REVOLUTION.- Un lieu de création, de plaisir et de partage, voilà ce qu’est un restaurant. Mais, à l’aube de la Révolution française, ce lieu magique n’existe pas encore. Pourtant Pierre Manceron est un chef d’exception mais il est au service du duc de Chamfort. Dans les cuisines du château, cet officier de bouche concocte des mets originaux comme ce petit chausson où la pâte est fourrée de fines tranches de pommes de terre et de truffe. Mais voilà, d’avoir conçu cette trouvaille culinaire va coûter très cher à Manceron. Prié par son maître de venir recueillir les avis des convives sur ses mets goûteux, le chef a d’abord droit à une avalanche de compliments très fleuris. Et puis voilà qu’un sinistre abbé de cour s’insurge qu’on lui serve de la pomme de terre (« Vous nous prenez pour des Allemands ! »), un légume sorti de terre… Pouah ! Aux compliments succèdent instantanément les lazzis de petits marquis perruqués dont on peut penser aisément qu’ils connaîtront bientôt la guillotine. Mais, pour Manceron, c’est la fin des haricots. Le voilà chassé et contraint, avec son fils, de retourner dans son Auvergne profonde. Il lui reste « le geste, le feu, le temps, l’outil » mais la passion manque désormais.
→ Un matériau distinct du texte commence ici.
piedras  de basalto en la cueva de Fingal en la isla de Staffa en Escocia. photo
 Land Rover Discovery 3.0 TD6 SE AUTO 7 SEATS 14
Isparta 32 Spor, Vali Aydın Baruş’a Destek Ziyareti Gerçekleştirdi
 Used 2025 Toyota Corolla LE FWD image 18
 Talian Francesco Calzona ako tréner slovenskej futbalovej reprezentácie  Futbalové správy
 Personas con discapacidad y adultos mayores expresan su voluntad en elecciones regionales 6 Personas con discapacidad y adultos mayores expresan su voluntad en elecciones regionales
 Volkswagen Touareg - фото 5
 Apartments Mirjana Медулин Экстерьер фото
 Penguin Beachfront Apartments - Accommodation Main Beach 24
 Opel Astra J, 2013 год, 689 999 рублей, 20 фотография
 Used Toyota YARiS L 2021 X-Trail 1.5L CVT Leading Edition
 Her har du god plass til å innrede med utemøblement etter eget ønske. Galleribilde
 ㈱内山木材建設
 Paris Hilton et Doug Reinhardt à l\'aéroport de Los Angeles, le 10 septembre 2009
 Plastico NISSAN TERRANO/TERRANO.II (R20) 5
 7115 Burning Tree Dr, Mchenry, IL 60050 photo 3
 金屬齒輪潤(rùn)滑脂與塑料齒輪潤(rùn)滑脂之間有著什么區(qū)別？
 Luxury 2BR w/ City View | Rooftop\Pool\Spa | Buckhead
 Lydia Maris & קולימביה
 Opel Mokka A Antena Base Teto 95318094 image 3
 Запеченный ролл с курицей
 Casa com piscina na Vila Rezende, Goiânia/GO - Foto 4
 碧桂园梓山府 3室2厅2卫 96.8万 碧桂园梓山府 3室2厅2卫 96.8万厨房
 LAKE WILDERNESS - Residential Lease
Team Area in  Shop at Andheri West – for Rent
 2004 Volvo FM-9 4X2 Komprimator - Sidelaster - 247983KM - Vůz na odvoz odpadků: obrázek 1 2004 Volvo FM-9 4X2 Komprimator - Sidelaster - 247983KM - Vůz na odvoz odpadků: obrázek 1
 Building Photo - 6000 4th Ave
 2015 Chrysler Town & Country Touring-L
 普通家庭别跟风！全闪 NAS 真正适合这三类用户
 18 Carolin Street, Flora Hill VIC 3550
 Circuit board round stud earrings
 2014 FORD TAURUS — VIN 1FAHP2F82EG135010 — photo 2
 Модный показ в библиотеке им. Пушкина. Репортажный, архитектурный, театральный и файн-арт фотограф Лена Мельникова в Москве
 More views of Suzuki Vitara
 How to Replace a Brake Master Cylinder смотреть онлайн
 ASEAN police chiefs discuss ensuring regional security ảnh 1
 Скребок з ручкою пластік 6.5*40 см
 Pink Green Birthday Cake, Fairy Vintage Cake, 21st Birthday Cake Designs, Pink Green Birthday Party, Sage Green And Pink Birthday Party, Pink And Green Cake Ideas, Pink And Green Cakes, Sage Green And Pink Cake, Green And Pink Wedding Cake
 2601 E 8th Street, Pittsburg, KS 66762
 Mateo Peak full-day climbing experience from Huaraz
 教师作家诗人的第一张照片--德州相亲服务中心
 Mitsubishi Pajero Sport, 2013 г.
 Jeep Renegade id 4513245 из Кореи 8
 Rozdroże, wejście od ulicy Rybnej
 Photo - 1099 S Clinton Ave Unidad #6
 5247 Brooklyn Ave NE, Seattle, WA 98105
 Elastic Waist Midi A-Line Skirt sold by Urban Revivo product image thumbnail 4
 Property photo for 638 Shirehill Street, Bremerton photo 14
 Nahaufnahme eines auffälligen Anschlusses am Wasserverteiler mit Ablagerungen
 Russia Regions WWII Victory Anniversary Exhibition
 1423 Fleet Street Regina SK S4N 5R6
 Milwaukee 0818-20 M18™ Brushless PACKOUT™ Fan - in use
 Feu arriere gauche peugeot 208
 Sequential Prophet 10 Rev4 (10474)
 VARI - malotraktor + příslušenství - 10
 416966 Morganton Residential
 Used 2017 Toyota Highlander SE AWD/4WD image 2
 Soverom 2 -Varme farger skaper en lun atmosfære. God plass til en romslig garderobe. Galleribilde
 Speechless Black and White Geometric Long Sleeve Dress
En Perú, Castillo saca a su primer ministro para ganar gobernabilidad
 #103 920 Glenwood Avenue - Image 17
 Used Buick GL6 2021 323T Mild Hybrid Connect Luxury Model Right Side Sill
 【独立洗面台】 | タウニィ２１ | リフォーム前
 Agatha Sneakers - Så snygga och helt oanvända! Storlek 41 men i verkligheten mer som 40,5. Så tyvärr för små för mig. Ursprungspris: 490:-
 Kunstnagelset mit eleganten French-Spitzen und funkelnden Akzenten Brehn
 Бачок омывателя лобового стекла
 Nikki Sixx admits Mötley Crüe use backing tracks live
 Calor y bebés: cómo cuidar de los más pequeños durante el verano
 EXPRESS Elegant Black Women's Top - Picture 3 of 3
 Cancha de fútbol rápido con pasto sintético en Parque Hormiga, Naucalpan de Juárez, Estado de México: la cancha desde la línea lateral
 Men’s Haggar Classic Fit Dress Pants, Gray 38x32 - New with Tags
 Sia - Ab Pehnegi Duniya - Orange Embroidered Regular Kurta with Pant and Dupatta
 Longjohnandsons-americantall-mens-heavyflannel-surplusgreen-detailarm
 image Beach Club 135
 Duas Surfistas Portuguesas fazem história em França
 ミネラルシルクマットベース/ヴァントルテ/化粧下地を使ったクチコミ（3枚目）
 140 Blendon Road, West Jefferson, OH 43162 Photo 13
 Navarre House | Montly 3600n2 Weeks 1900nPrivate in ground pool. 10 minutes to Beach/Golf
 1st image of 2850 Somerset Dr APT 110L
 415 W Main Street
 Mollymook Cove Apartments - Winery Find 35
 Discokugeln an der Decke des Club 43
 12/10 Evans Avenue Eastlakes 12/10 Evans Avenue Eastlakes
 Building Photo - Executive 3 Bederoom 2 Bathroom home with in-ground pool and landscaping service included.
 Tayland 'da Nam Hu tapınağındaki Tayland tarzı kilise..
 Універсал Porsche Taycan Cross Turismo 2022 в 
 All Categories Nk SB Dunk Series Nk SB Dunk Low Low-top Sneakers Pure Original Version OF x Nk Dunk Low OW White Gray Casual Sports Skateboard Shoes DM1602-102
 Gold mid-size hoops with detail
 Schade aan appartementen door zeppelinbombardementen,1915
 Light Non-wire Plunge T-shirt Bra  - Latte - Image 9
« J’ai voulu m’intéresser, explique le réalisateur Eric Besnard, à ce qui fait l’identité de la France. Les Américains, qui travaillent en permanence sur la mythologie et l’identité de leur pays, sont champions en la matière. Ils ont la bannière étoilée, l’esprit pionnier et le mythe du self-made man. Les Anglais ont l’insularité et la royauté. J’ai voulu réfléchir à la possibilité de bâtir un projet sur l’ADN français. Au cours de lectures sur le XVIIIème siècle, je suis tombé sur l’invention du concept de restaurant…»
Tout en étant un film en costumes, Délicieux (France – 1h52. Dans les salles le 8 septembre) apparaît rapidement comme une œuvre très ancrée dans des thèmes contemporains autour de la bonne chère, des saveurs de terroir, du frais, du bon, presque du circuit court ! Comme de plus, le cinéaste imprime à son récit un ton très romanesque, on se laisse prendre par cette histoire d’un homme qui va faire, dans son domaine, une vraie révolution. Car, au fond du Cantal, Manceron voit débarquer la belle Louise qui lui demande de la prendre comme apprentie. Mais cette femme gracieuse, élégante et mystérieuse cache un lourd secret. Mais surtout, c’est tout l’univers de la cuisine, servi par une très belle lumière à la manière des natures mortes, qui nous allèche. Les premiers mots prononcés dans Délicieux sont : « Du beurre ! » Parce que la cuisine, on le sait, repose sur trois ingrédients : du beurre, du beurre et du beurre. Ingrédients indispensables auxquels Manceron ajoute du travail et de l’énergie. Une fois de plus, Gregory Gadebois est épatant dans le personnage du rude mais brillant Manceron. Isabelle Carré apporte à Louise un ravissant charme mélancolique. Benjamin Laverrnhe est l’odieux Chamfort, aristocrate poudré qui professe qu’« un homme sans cuisinier est un homme sans amis »… En somme, un film délectable.